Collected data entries
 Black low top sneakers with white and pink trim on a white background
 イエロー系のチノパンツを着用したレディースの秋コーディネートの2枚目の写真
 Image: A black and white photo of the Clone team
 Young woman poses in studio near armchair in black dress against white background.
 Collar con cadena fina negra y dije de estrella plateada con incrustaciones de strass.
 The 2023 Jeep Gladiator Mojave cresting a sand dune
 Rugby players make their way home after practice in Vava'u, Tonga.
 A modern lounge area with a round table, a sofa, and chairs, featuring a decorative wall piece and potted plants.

— Work instructions —
Return exactly the lines above from the line that has "Young woman poses" through the line that has "The 2023 Jeep", inclusive, and nothing else.

— Reply —
 Young woman poses in studio near armchair in black dress against white background.
 Collar con cadena fina negra y dije de estrella plateada con incrustaciones de strass.
 The 2023 Jeep Gladiator Mojave cresting a sand dune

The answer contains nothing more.